Search for Dormant Black Holes in Ellipsoidal Variables III. The OGLE BULGE Short-Period Sample

TL;DR

This study analyzes OGLE short-period ellipsoidal variables in the Galactic Bulge to identify potential black hole or neutron star companions by using a modified minimum mass ratio derived from observed stellar modulations.

Contribution

It introduces a method to identify binary systems with massive unseen secondaries using a new mass ratio metric based on ellipsoidal modulation data.

Findings

136 candidate systems with potential compact-object secondaries

Re-analysis of 10,956 OGLE short-period ellipsoidals

Identification of systems with mMMR significantly larger than unity

Abstract

This is the third of a series of papers that presents an algorithm to search for close binaries with massive, possibly compact, unseen secondaries. The detection of such a binary is based on identifying a star that displays a large ellipsoidal periodic modulation, induced by tidal interaction with its companion. In the second paper of the series we presented a simple approach to derive a robust modified minimum mass ratio (mMMR), based on the observed ellipsoidal amplitude, without knowing the primary mass and radius, assuming the primary fills its Roche lobe. The newly defined mMMR is always smaller than the actual mass ratio. Therefore, a binary with an mMMR larger than unity is a good candidate for having a massive secondary, which might be a black hole or a neutron star.
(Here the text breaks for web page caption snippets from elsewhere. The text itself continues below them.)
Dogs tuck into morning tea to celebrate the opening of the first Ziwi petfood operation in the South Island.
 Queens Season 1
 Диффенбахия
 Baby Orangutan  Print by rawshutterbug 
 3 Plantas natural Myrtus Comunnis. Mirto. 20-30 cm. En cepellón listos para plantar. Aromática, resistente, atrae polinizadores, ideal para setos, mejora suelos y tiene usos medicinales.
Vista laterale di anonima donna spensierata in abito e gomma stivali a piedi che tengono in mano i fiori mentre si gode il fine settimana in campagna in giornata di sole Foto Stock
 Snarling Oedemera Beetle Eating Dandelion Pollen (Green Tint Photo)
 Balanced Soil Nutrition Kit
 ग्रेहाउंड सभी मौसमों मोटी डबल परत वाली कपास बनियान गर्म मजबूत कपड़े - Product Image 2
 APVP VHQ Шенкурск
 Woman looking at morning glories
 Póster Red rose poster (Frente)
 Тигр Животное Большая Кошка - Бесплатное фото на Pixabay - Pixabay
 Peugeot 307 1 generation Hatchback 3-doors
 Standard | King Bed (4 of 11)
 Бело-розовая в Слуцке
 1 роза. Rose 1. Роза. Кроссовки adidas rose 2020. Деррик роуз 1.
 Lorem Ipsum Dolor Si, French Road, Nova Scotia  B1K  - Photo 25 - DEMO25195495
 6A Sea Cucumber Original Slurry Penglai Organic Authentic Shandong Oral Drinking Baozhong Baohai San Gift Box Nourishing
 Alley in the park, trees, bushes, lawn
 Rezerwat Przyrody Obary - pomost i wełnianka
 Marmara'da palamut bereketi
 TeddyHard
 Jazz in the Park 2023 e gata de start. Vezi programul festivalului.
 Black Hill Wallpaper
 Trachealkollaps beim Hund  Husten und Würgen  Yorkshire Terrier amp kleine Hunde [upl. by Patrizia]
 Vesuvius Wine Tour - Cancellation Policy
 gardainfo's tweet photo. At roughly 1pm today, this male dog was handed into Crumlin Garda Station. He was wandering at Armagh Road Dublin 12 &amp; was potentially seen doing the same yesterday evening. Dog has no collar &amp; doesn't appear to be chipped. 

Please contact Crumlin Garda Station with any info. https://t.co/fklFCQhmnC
This paper considers 10,956 OGLE short-period ellipsoidals observed towards the Galactic Bulge. We re-analyse their modulation and identify 136 main-sequence systems with mMMR significantly larger than unity as candidates for having compact-object secondaries, assuming their observed periodic modulations reflect indeed the ellipsoidal effect. Obviously, one needs follow-up observations to find out the true nature of these companions.